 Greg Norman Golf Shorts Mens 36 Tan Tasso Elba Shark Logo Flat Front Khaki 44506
---
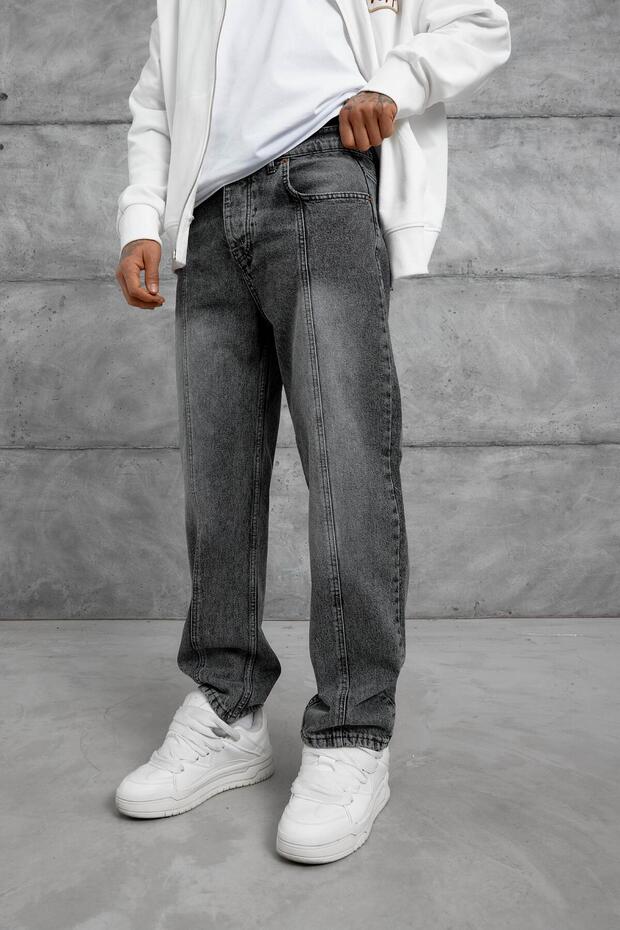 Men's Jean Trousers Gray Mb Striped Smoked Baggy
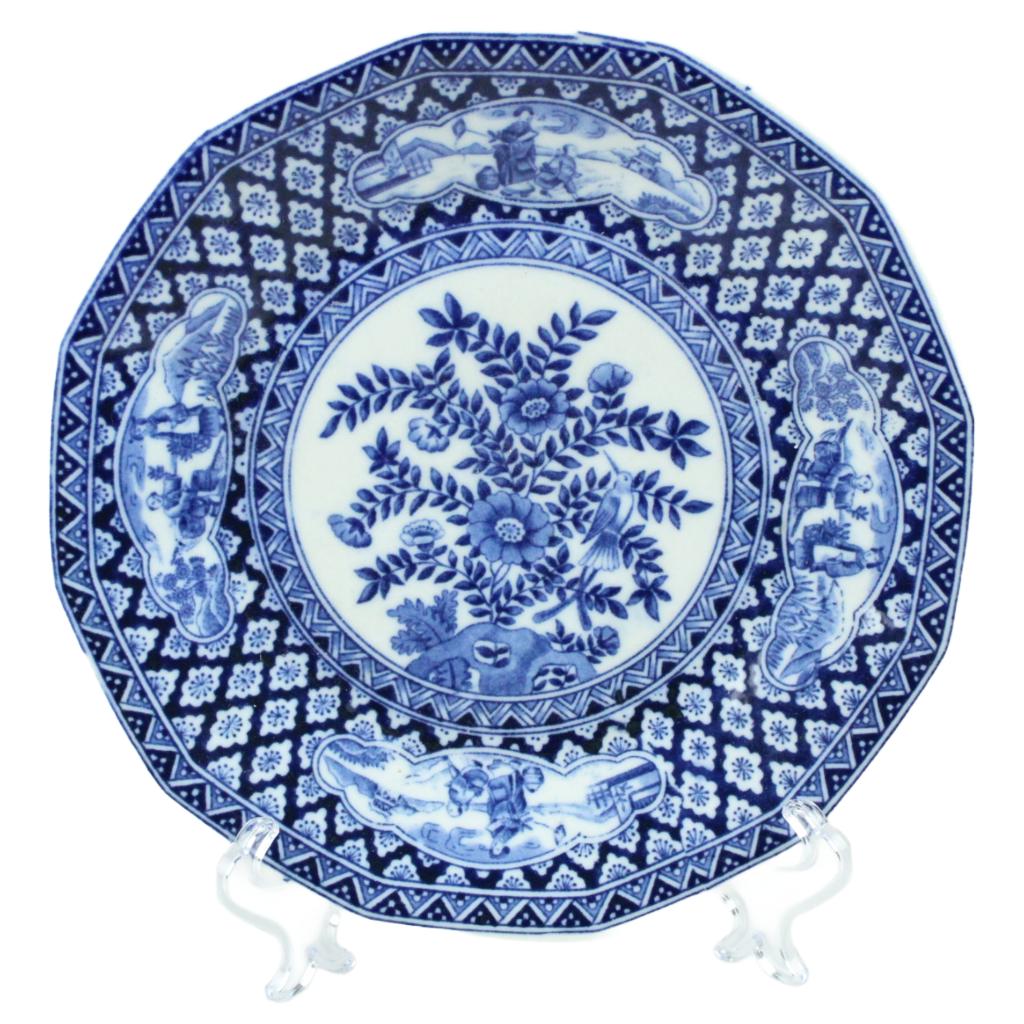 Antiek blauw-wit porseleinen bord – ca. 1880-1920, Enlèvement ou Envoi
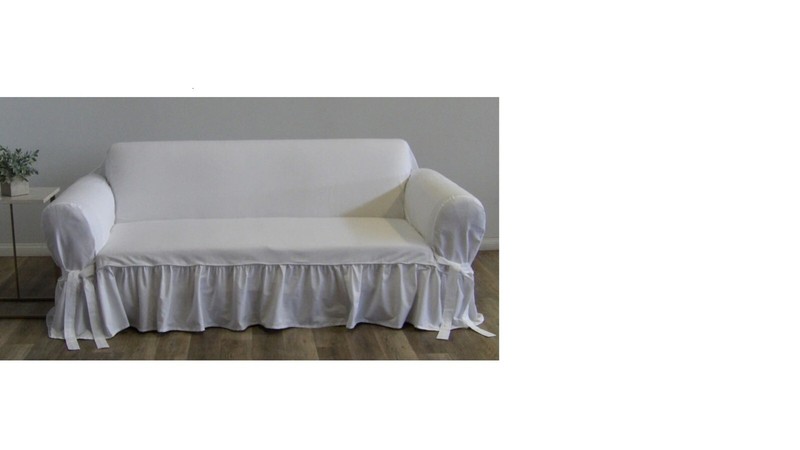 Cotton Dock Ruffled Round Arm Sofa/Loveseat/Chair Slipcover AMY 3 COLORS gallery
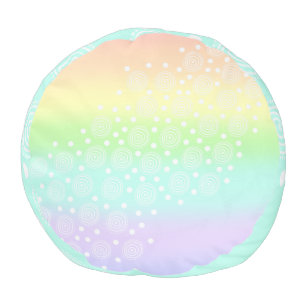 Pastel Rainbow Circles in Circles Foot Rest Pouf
--
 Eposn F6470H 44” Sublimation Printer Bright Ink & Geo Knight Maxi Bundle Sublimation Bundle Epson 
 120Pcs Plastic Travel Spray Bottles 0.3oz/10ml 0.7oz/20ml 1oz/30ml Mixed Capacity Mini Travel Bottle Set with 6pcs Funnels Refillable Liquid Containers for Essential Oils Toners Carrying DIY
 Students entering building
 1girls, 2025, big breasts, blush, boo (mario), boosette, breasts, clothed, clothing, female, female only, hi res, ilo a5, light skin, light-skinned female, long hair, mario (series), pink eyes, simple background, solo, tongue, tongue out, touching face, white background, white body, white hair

## Exercise
Would you please copy exactly the part of the entries above that begins at the line containing "Students entering building" and ends at the line containing "1girls, 2025, big", both lines included?

## Worked solution
 Students entering building
 1girls, 2025, big breasts, blush, boo (mario), boosette, breasts, clothed, clothing, female, female only, hi res, ilo a5, light skin, light-skinned female, long hair, mario (series), pink eyes, simple background, solo, tongue, tongue out, touching face, white background, white body, white hair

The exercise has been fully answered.